History in Century Hindsight

How will the history of the world be written in another century? I am glad I will not be around to find out, although I suspect future historians will look at the post-9/11 operations at home on the patriot front and abroad with patriot missiles as a low point in America’s future past. We can always look back and see how history was written a century ago. Here is a passage from a popular “History of the World” by John Clarke Ridpath, who penned it near the end of the 19th century. Although dated in its racial and ethnocentric overtones, it is refreshing to see some critical assessment on Western stereotypes at work as well. As an exercise, read the excerpt below to sort out the prejudice from the attempt, even if not up to present-day standards, to be less rather than more subjective.

Some allowance, however, must be made for the judgment which the Western peoples have passed upon the Turks. There is no denying the fact that a part of this judgment is prejudiced. The Aryan races have always shown a disposition to reject and contemn those usages with which they themselves are unfamiliar. They have done so. Not because the usages in question have contradicted the laws of right reason, the interests of the state, of the principles of morality, but simply because such facts have been strange, unfamiliar. The intolerance of the Western people in this respect has been as severe and inexcusable as many of the usages which they have contemned and despised.

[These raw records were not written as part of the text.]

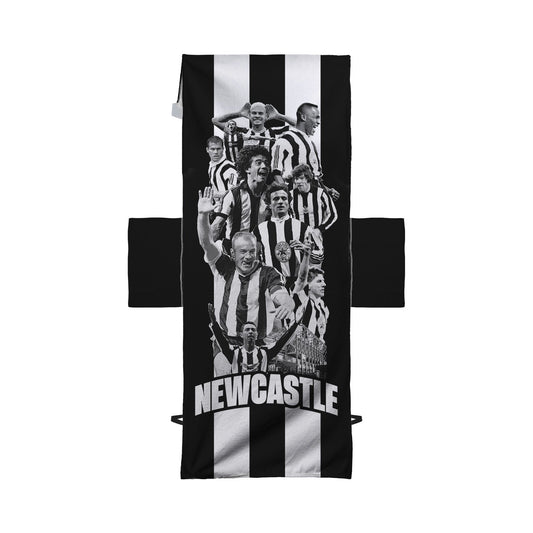 Newcastle - Player Montage - Sunbed Towel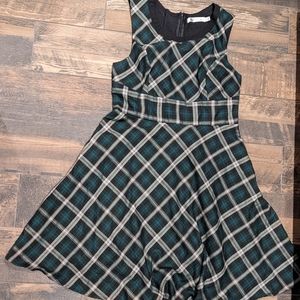 Plaid/Tartan Dress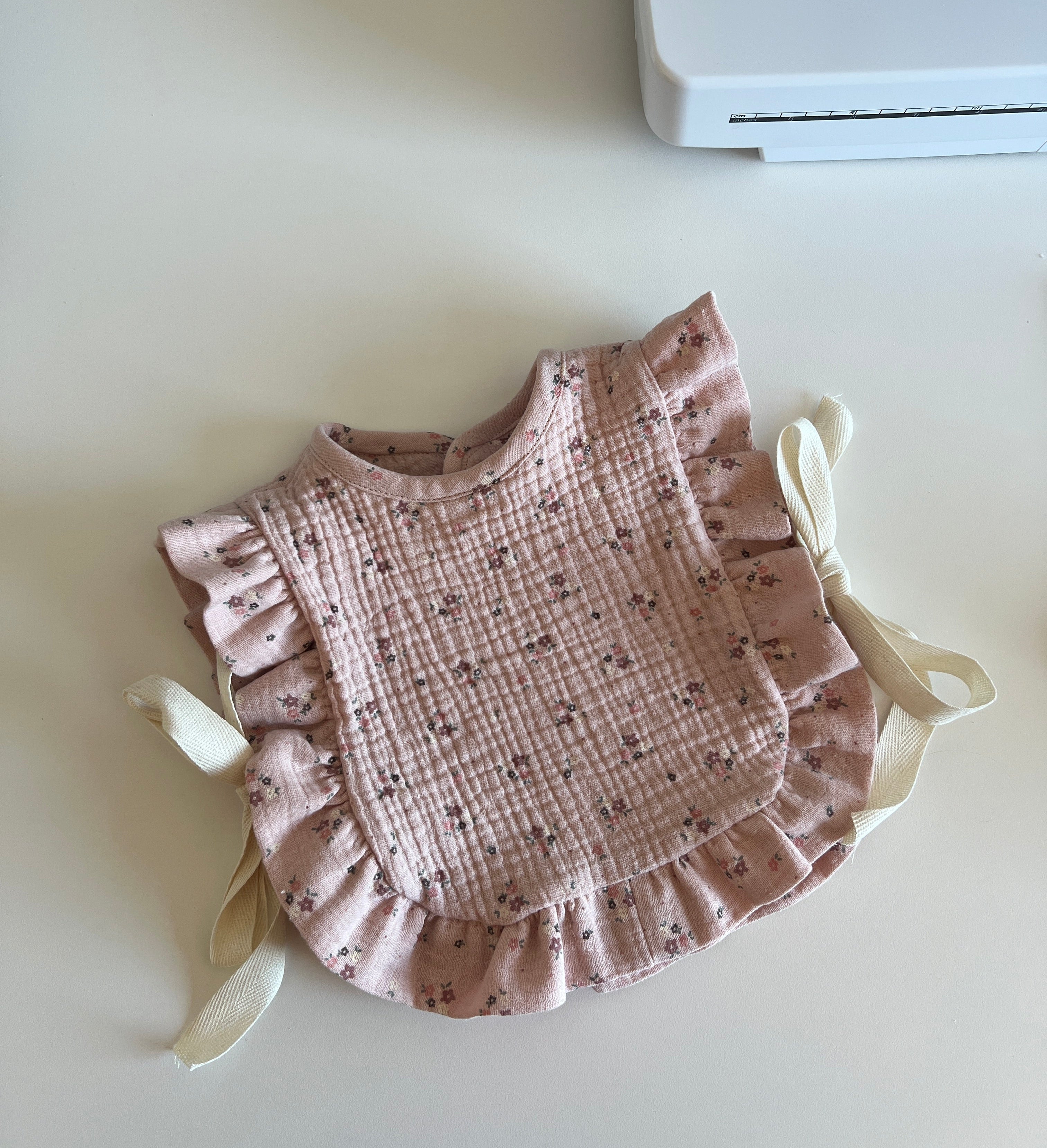 Dahlia Smekke Symønster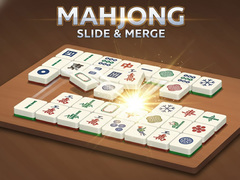 เกม Mahjong Slide & Merge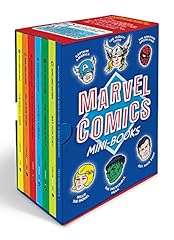 Marvel comics mini for sale  Delivered anywhere in USA 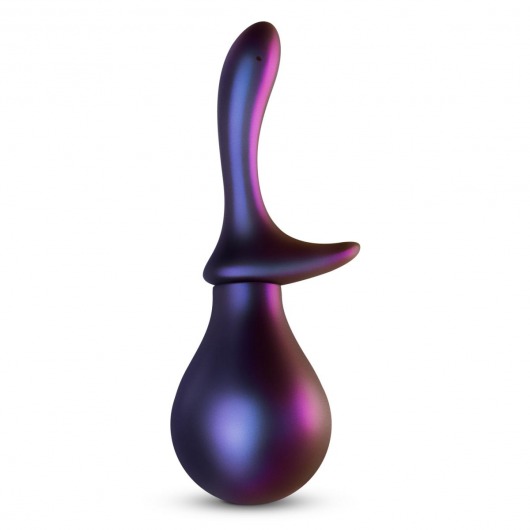 Фиолетовый анальный душ Nebula Bulb - ONE DC B.V. - купить с доставкой в Таганроге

There is much of this in the opinions of the peoples of the West respecting the Turks. The latter people have been seen as Asiatics in Europe, and have been judged simply by European standards. No allowance has been made for race differences. No attempt has been put forth to establish a standard by any other than Western preconceptions. The Turks have thus been grossly disparaged by measures and estimates the rule of which they do not admit. We should remember in this connection that Turkish domestic institutions have been formed in accordance with principles and precedents which to that race seem as natural and inevitable as do the most approved usages of the West to the peoples among whom they prevail.

It is not intended, however, to carry this apology beyond the limits of truth and justice. The Turks, on their apparition in Asia Minor, Syria, and Europe, were undoubtedly a fierce race of semi-barbarians, cold, cruel, and without a sentimental life. They were so judged by both Islamites and Christians. None complained more bitterly of the character of the Turks than the polite Arabs, who deplored their ferocious dispositions, though they were obliged to accept them in the bonds of Islam.

… Nevertheless, we are not to suppose that the social state is not without virtue, or that the principles of jealousy, intrigue, hatred, and revenge are wholly prevalent therein.

On the contrary, there is much that is mild, peaceable, comfortable, in the Turkish home. It has been one of the errors of the Western mind to deduce by logic from the social conditions present in the East all the evils of which they are capable. Such a method of reasoning and statement would be as far from the truth as it would be to deduce from monogamy all the blessings and happiness of which that state is capable, and to give the deduction for the fact! …

It may suffice to say that the Turks, of nearly all the nations that have accepted Islam, have proved to be its greatest defenders. Perhaps they are not more deeply imbued than are the Arabs, the Egyptians, and the North African races with the spirit and zeal of the faith; but the latter peoples do not prominently present themselves on the stage of modern history. Only the Turks have the strength and persistency to hold up the banners of Islam in a large place and to make it conspicuous. Only they are able to represent the doctrines of the Prophet as a great available force in modern society.

At this the reader may well fell some surprise; but a moment’s reflection will show that the fact referred to is not peculiar, but general. It is a common feature of religions that they begin among one people and end among another. They spread and diffuse themselves, losing ground in the lands of their origin, and again in a conquest of some powerful foreign race. Thus did Buddhism, losing everything in India, but regaining empires and foreign dominions beyond the Himalayas. Thus did Christianity, losing its place in Syria and the East, and regaining it in Rome. Thrown into the wreck and ruin by the downfall of empire, it then found refuge among the Barbarians, and finally selectd the English-speaking race as the vehicle of its strength and power in modern times. Thus did Islam, conquering the Turks, who were the conquerors of the Arabs, and ultimately giving into their charge the defense and promulgation of the prophet’s fame and doctrine. The mosque became the symbol of Ottoman civilization.

The domination of Islam has cost the Turkish race most dearly. Nearly all of the displeasing features which that race presents in modern times may be referred to the evil influence of Mohammedanism. It should be observed in this connection that the results of the acceptance of the doctrine of the Prophet by the Turks are very different from the corresponding results on the Arabs. Islam was suited to the Arabian genius, but it fell on the Turkish spirit like a paralysis. The energy of the race has been abated by it. At the present time not only the Turkish mind, in a large sense, but every Turkish enterprise is held in thrall by the iron bands of Islam. But for this, the genius of the Turks might display itself with a brilliancy which would light the Eastern Mediterranean, and but for this the civil life of the people might project itself without offense into the history and diplomacy of Europe and America.


[Excerpt from John Clark Ridpath, Ridpath’s History of the World (Cincinnati: The Jones Brothers Publishing Company, 1899), vol IV, pp. 286-290, 307. My thanks to Bill Larsen for giving me a copy of this book.]